Iván Karamazov encaja muy bien con los jóvenes reformistas de la Georgia actual: intenso, arrogante y filosófico

Hace unos meses mantuve un debate con un georgiano así en Internet.  Él se empeñaba en apoyar el uso de las “técnicas mejoradas de interrogación” del Gobierno estadounidense contra los sospechosos de terrorismo durante el mandato de George W. Bush, mientras que yo lo llamaba “tortura”. Cuando escribí que me recordaba a Iván Karamazov, respondió: “Yo no acudiría precisamente a Dostoyevski para que me aconsejara sobre estrategia y táctica militar. Aplicar la moral individual es un error filosófico que tiene consecuencias catastróficas y moralmente indefendibles”. En mi opinión, una respuesta típica de Iván Karamazov.

No cabe duda de que la nueva generación georgiana ha logrado cosas extraordinarias. En muchos aspectos, Georgia se ha transformado desde 2004. Se han reformado los sistemas de impuestos y aduanas, se ha racionalizado la administración pública y se han planeado nuevas ciudades y redes de carreteras. Pero se ha pagado un precio. La gente opina que la nueva clase dirigente es arrogante y no rinde cuentas a nadie, uno de los motivos por los que se vio arrastrada a una guerra con Rusia en el verano de 2008. La corrupción y el crimen, que habían asolado Georgia durante toda una generación, han desaparecido, pero a costa de crear una nueva fuerza de policía muy temida que, al parecer, no tiene nadie ante quien responder.

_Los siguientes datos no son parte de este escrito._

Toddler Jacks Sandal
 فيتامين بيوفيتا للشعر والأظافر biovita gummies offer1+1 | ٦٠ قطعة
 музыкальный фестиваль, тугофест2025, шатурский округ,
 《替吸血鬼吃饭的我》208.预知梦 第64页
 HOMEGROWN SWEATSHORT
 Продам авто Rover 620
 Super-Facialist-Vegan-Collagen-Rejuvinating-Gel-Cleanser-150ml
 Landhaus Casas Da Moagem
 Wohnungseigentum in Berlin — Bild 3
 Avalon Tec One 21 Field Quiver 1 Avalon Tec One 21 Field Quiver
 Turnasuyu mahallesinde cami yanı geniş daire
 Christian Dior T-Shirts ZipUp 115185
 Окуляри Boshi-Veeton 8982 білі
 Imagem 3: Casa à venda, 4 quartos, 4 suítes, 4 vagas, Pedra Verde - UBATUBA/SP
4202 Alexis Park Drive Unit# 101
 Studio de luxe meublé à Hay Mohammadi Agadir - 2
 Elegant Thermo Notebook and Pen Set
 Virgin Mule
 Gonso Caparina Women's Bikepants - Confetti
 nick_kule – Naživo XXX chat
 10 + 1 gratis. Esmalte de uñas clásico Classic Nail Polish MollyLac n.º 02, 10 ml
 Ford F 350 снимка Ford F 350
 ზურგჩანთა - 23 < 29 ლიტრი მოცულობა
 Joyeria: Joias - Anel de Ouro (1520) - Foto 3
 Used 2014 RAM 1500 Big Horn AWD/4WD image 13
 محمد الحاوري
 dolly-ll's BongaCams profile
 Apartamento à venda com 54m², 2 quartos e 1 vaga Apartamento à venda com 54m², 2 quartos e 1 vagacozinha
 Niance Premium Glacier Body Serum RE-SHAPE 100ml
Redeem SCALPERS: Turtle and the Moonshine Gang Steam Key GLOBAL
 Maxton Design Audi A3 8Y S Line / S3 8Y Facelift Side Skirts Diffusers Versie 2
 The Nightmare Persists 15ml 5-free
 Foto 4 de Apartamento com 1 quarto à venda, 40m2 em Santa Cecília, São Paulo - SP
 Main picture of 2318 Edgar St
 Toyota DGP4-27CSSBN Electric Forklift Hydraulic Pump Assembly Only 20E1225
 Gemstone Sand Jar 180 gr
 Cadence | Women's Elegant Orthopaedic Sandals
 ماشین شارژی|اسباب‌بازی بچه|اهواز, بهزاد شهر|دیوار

Según los cables del Departamento de Estado de EE UU publicados por WikiLeaks, en 2008, el portavoz más elocuente de la clase dirigente georgiana, Giga Bokeria, dijo a la embajada de Estados Unidos en Tbilisi que el presidente de su país “pensaba que no podía permitirse el lujo de construir un consenso para implantar cambios democráticos irreversibles en Georgia” y que “las reformas se interrumpirían” si la oposición obtenía buenos resultados en las elecciones. Esta idea de “reformas antes que democracia” (algunos la llamarían “el fin justifica los medios”) tiene unos antecedentes filosóficos que se remontan a más atrás de los bolcheviques del siglo XX, hasta los pensadores radicales rusos de mediados del XIX. Dostoyevski explica lo peligrosa que puede ser: en su novela, el obstinado empeño de Iván Karamazov en perseguir una utopía racional y la tensión de la muerte de su padre le provocan alucinaciones y le llevan al borde de una crisis nerviosa. El Gobierno de Georgia no ha llegado todavía a ese punto, pero la advertencia está ahí.